Orinj version 7.0.0
The Orinj Notch Filter removes a narrow band of frequencies from the signal. See Notch filter for more information on this type of effect. This notch filter is also appropriate for removing offending frequencies that make the recording too booming, boxy, or nasal or create too much sibilance. See Equalizer for more information.
An example of the Orinj Notch Filter
The following sound sample contains two repetitions of an electric guitar motive. The first repetition is as recorded, without a notch filter. The second repetition uses a relatively wide notch filter at 600 Hz with width of 100 Hz and transition of 500 Hz.
Click to play this example with a notch filter.
Using the Orinj Notch Filter
- To add the effect to a track in the session, first click on the track to select it. Click on Effect, Filtering, and then on Orinj Notch Filter in the menu.
- To add the effect to an auxiliary channel in the session, click on Track, then Groups / Aux Channels, and then on Aux Channel Controls in the menu. In the auxiliary channel control dialog, click on the Add button.
- To add the effect to the master channel in the session, click on Track and then on Master Channel in the menu. In the master channel dialog, click on the Add button.
- To add the effect to a wave in the single wave view, click on Effect, Filtering, and then on Orinj Notch Filter in the menu.
You will see the following dialog.
When this dialog becomes visible, the Orinj Notch Filter effect has been added. Adjust the parameters of the notch filter in the dialog above and click Close. The parameters are described below.
Orinj Notch Filter parameters
See Orinj Effects for an explanation of the Title, Track, Presets, and Bypass controls. The remaining Orinj Notch Filter controls are described below:
- Filter graph: This graph shows the actual equalization that occurs in the filter.
- Frequency: Use these controls – the box and the slider – to set the midpoint frequency of the notch of the filter. The frequency is measured in Hertz and can be between 20 Hz and 20 KHz.
- Transition: Use these controls – the box and the slider – to set the width of the transition (slope) between the bottom of the notch and the sides of the notch. The transition is measured in Hertz and can be between 20 Hz and 20 KHz.
- Width: Use these controls – the box and the slider – to set the width of the bottom of the notch. The width is measured in Hertz and can be between 20 Hz and 20 KHz.
- Q factor: The quality factor of the filter is the ratio of the midpoint frequency of the stop band (the frequency parameter) to the width of the stop band (the width parameter) (see Equalizer for more information). This factor is larger for larger frequencies or smaller widths.
- Lock Q: Selecting this checkbox keeps Q constant when the filter frequency, transition, or width change. If you change the frequency, the width and transition will change to keep Q constant. Similarly, if you change the width, the frequency and transition will change to keep Q constant. The quality factor Q is kept constant only if the maximum and minimum limits on the frequency, transition, and width (20 Hz to 20 KHz) permit it.
The presets of the Orinj notch filter are suggestions.
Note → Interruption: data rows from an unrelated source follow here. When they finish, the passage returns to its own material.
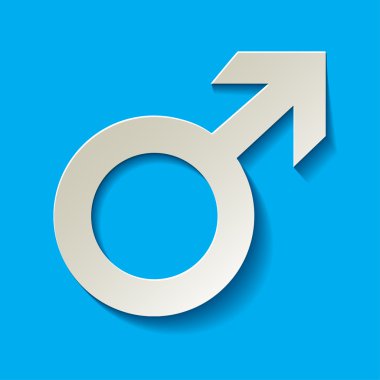 Male icon - Mars vector symbol with shadow on a light blue bokeh background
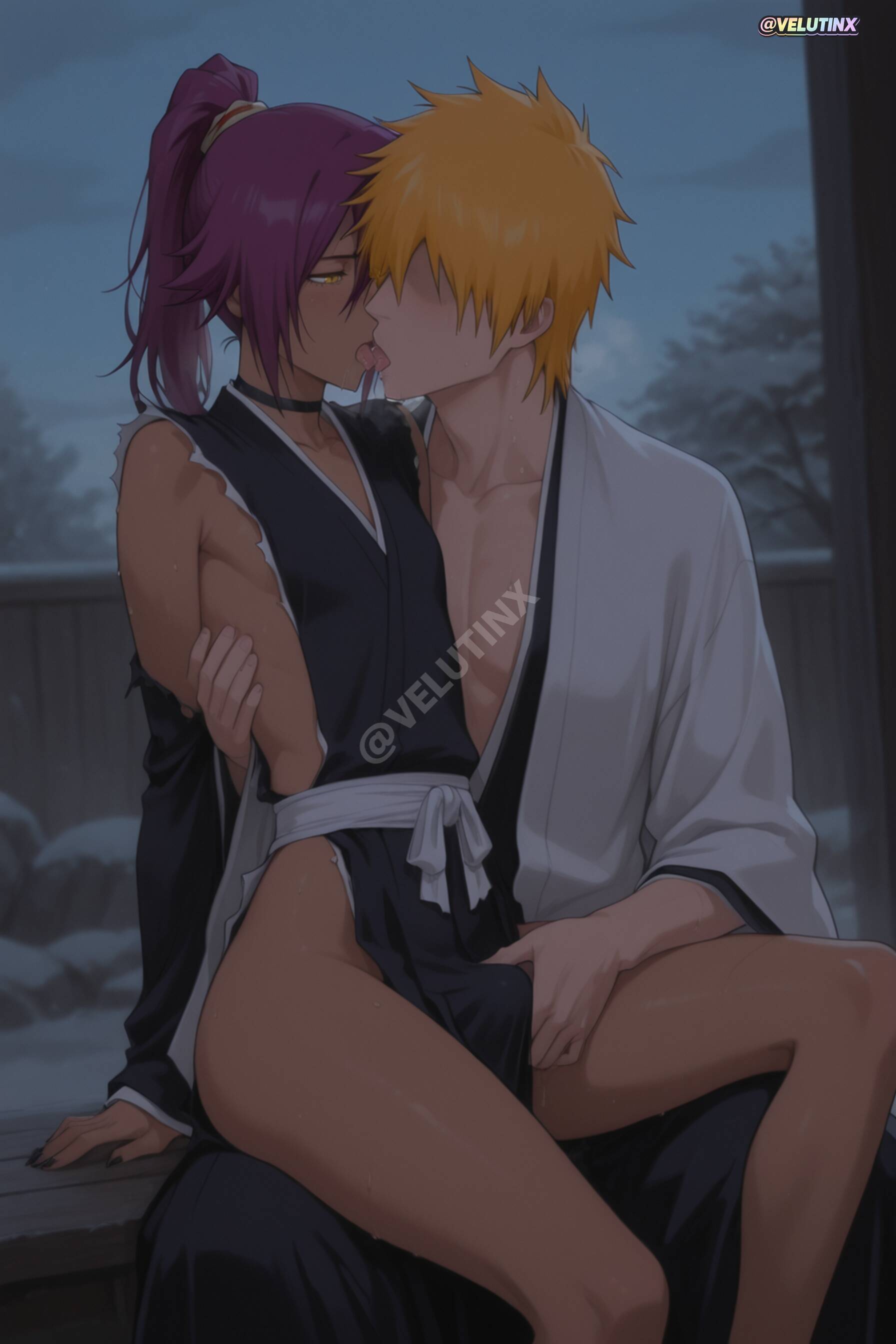 1femboy, ai generated, androgynous, arm around waist, arm support, ass, assertive male, bangs, bare shoulders, big ass, big thighs, black choker, black hakama, black kimono, black sleeves, bleach, bleach: the thousand-year blood war, blonde hair, blush, breath, bubble butt, butt, chest, chest grab, chocolate and vanilla, choker, closed eyes, clothed sex, collarbone, couple, covered nipples, curvaceous, curvaceous ass, curvaceous body, curvaceous figure, curvaceous hips, curvaceous thighs, curvy, curvy body, curvy figure, curvy hips, curvy male, curvy thighs, dark skin, dark-skinned femboy, dark-skinned male, dark-skinned sub, detached sleeves, faceless, faceless male, femboy, femboy focus, femboysub, feminine body, feminine faced male, feminine male, feminization, fingering, flat, flat chest, french kiss, french kissing, genderswap, genderswap (ftm), grabbing, hair between eyes, hair tie, hakama, hand on another's chest, hand on another's hip, hand on another's thigh, hand on another's waist, hand under clothes, heavy breathing, high ponytail, hips, hug, huge ass, huge hips, indoors, japanese clothes, kimono, kiss, kissing, kurosaki ichigo, light skin, light-skinned male, long hair, long sleeves, looking at another, male focus, mature, mature male, no bra, no panties, open clothes, open mouth, orange hair, otoko no ko, outdoors, paid reward available, pear shaped, pear-shaped figure, plump thighs, ponytail, purple hair, saliva, saliva drip, saliva on face, saliva on tongue, saliva string, saliva trail, shiny hair, shiny skin, short hair, sideboob, sitting, sitting on lap, sitting on person, skindentation, skinny male, slim waist, solo focus, spiked hair, sweat, sweating, sweaty, sweaty body, thick butt, thick hips, thick legs, thick thighs, thighs, through clothes, tiny penis, tongue, tongue out, trap, velutinx, visible breath, voluptuous, voluptuous body, voluptuous femboy, voluptuous male, watermark, wet, wet body, wet skin, white kimono, wide ass, wide hips, wide sleeves, wide thighs, yellow eyes, yoruichi shihouin
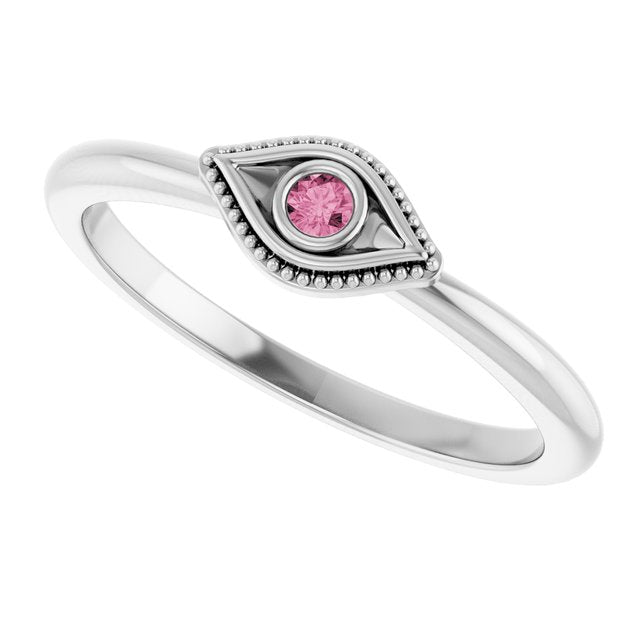 14k-white-natural-pink-tourmaline-stackable-evil-eye-ring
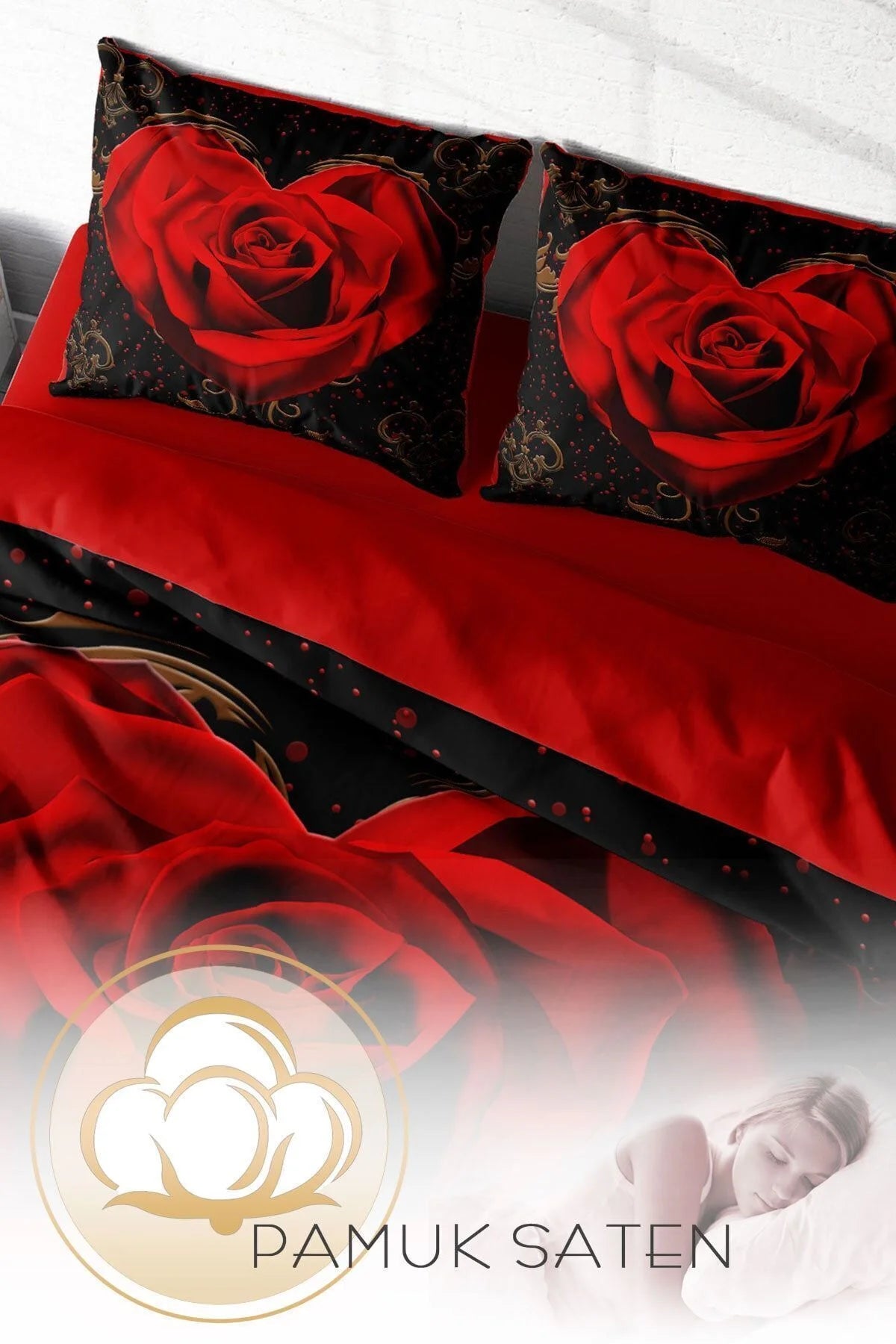 Nevresim Takımı Pamuk Saten Çift Kişilik 3D Digital Red Black Heart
For example, the preset to make a recording less boomy sets the notch filter frequency at 200 Hz. However, the offending frequencies that create boominess may be centered elsewhere (typically between 100 Hz and 300 Hz; see Equalizer). When using the Orinj notch filter, move the filter frequency to the left and to the right to find the best setting for your purpose.
See Orinj Effects for additional notes on: where Orinj effects can be used, using boxes and sliders that impact the same parameter (such as the box and slider for the frequency), applying effects to mono and stereo waves, and using effects during playback. See Orinj Working with effects for additional information on creating, modifying, moving, and removing effects. See Notch filter and Equalizer for additional information on the different types of notch filters in audio processing.